This is my code:
$oDom = new DOMDocument();
$oDom->loadHTML("èàéìòù");
echo $oDom->saveHTML();
This is the output:
<!DOCTYPE html PUBLIC "-//W3C//DTD HTML 4.0 Transitional//EN" "http://www.w3.org/TR/REC-html40/loose.dtd">
<html><body><p>èà éìòù</p></body></html>
I want this output:
<!DOCTYPE html PUBLIC "-//W3C//DTD HTML 4.0 Transitional//EN" "http://www.w3.org/TR/REC-html40/loose.dtd">
<html><body><p>èàéìòù</p></body></html>
I've tried with ...
$oDom = new DomDocument('4.0', 'UTF-8');
or with 1.0 and other stuffs but nothing.
Another thing ...
There is a way to obtain the same untouched HTML?

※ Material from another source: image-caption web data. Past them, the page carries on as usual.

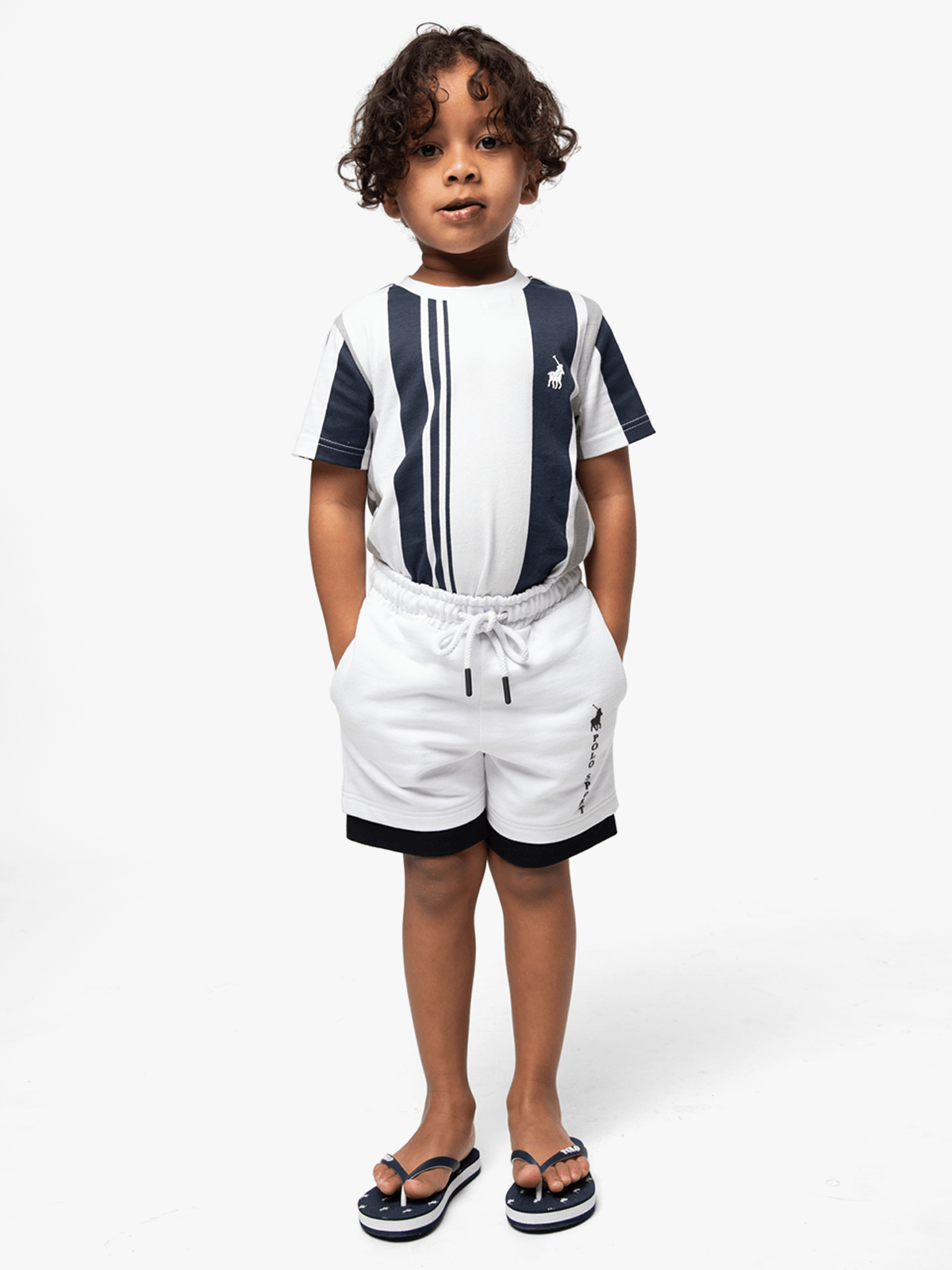 Polo Boys Dave Sport Shorts In White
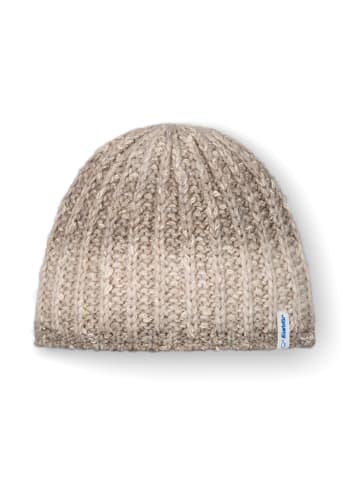 Eisbär Strickmütze aus Bio-Baumwolle für Damen in beige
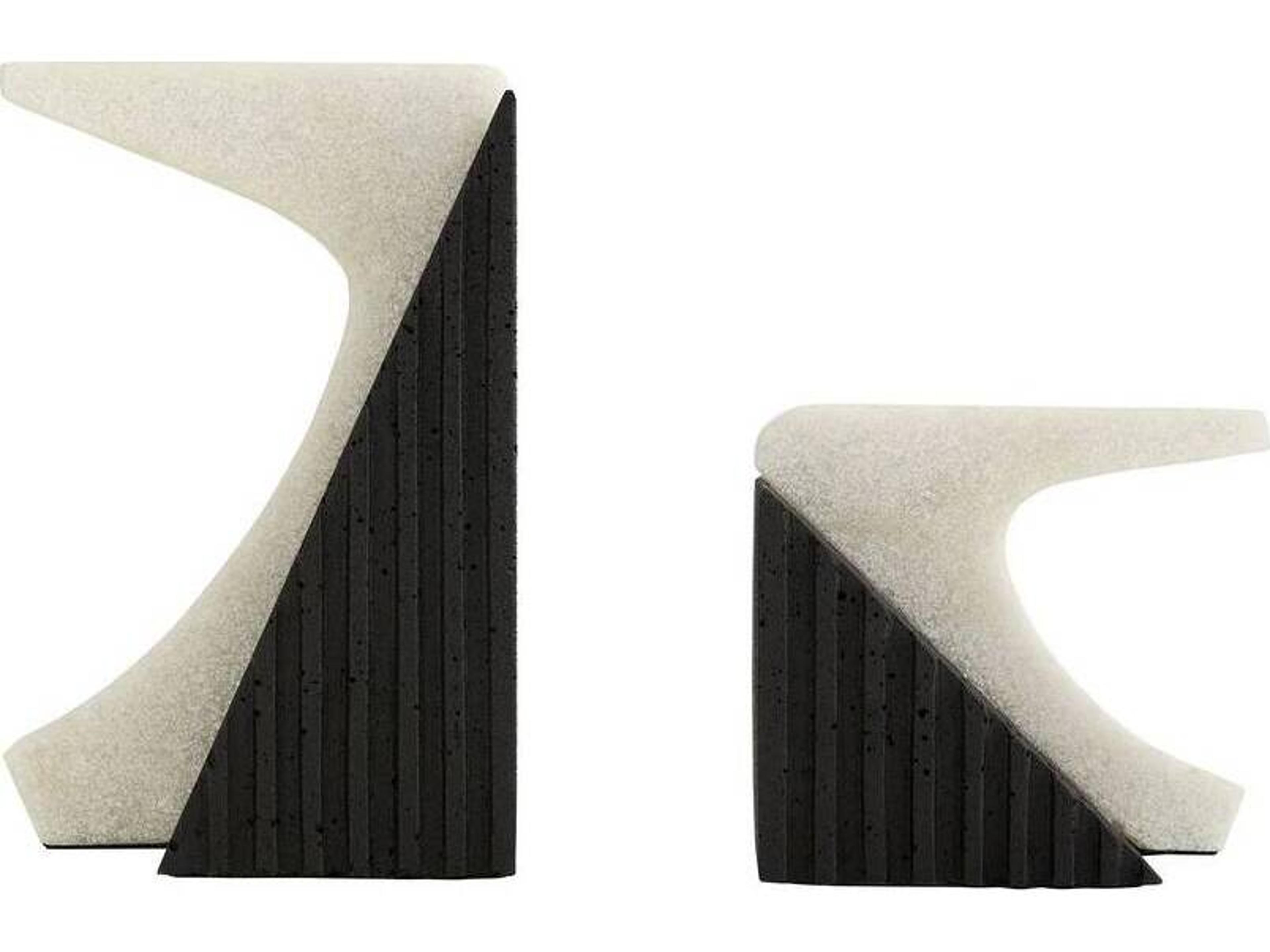 Arteriors Home Jordono Omari Ivory Charcoal Bookend Set of 2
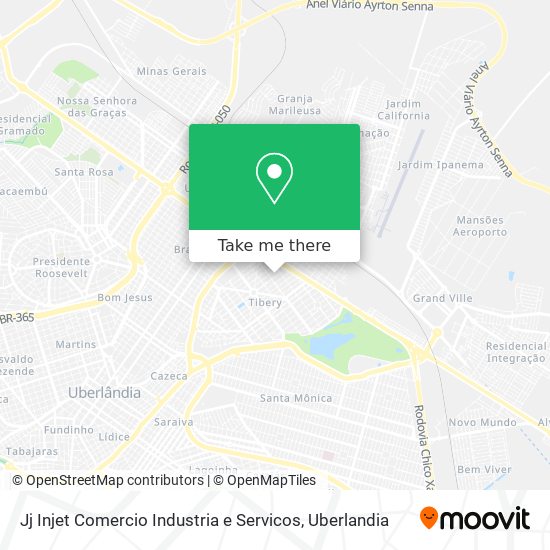 Mapa Jj Injet Comercio Industria e Servicos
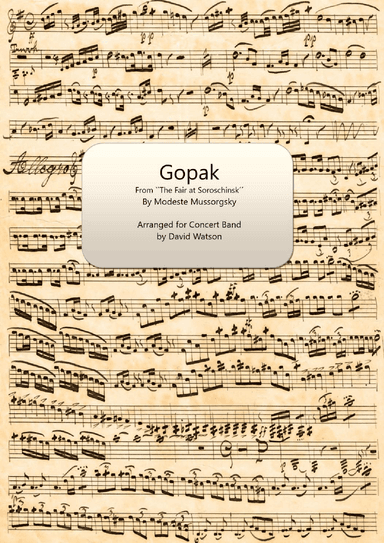 Gopak from The Fair at Sorochinsk (arr. David Watson)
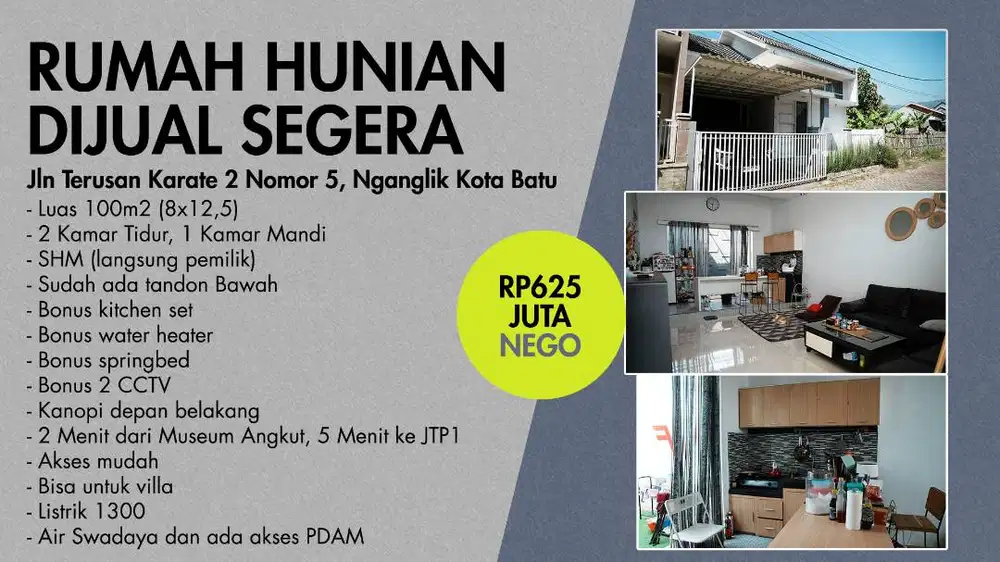 RUMAH MURAH DIJUAL CEPAT
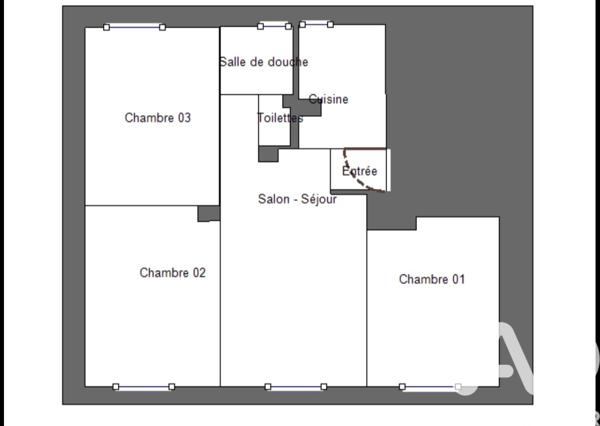 Appartement à vendre 4 pièces 58 m² Herblay-sur-Seine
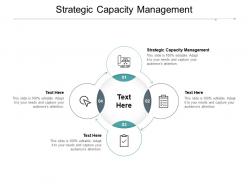 Strategic capacity management ppt powerpoint presentation show designs cpb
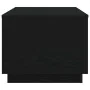 Mesa de centro con luces LED roble negro 90x50x40 cm by , Coffee table - Ref: Foro24-862260, Price: 91,61 €, Discount: %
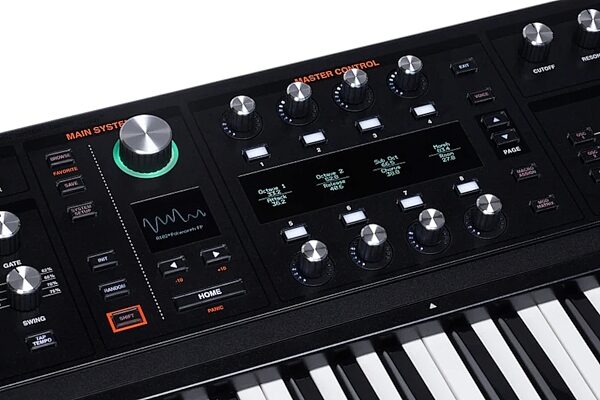 open zoom image for ASM Ashun Sound Machines Hydrasynth Keyboard Synthesizer, 49-Key, New, Detail Center Angle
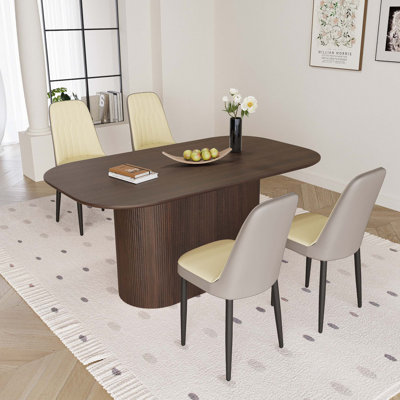 Ensemble de salle à manger moderne et ergonomique en MDF pour la maison et la cuisine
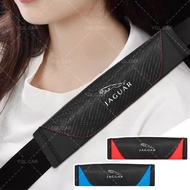 1/2pcs Carbon Fiber Car Seat-belt Protect Cover Car Shoulder Pad for Jaguar XEL F-TYPE XFL F-PACE E-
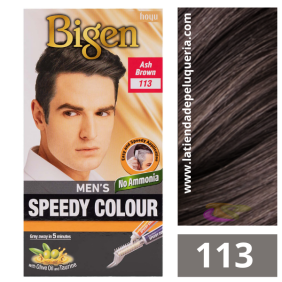 Bigen - Tinte Cabello SPEEDY COLOUR para HOMBRE Nº113 Ash Brown (40 gr + 40 gr)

For example with this html in input <p>hello!</p>
obtain the same output <p>hello!</p>
using DOMDocument only for parsing the DOM and to do some substitutions inside the tags.
Solution:
$oDom = new DOMDocument();
$oDom->encoding = 'utf-8';
$oDom->loadHTML( utf8_decode( $sString ) ); // important!
$sHtml = '<!DOCTYPE html PUBLIC "-//W3C//DTD XHTML 1.0 Transitional//EN" "http://www.w3.org/TR/xhtml1/DTD/xhtml1-transitional.dtd">';
$sHtml .= $oDom->saveHTML( $oDom->documentElement ); // important!
The saveHTML()
method works differently specifying a node.
You can use the main node ($oDom->documentElement
) adding the desired !DOCTYPE
manually.
Another important thing is utf8_decode()
.
All the attributes and the other methods of the DOMDocument
class, in my case, don't produce the desired result.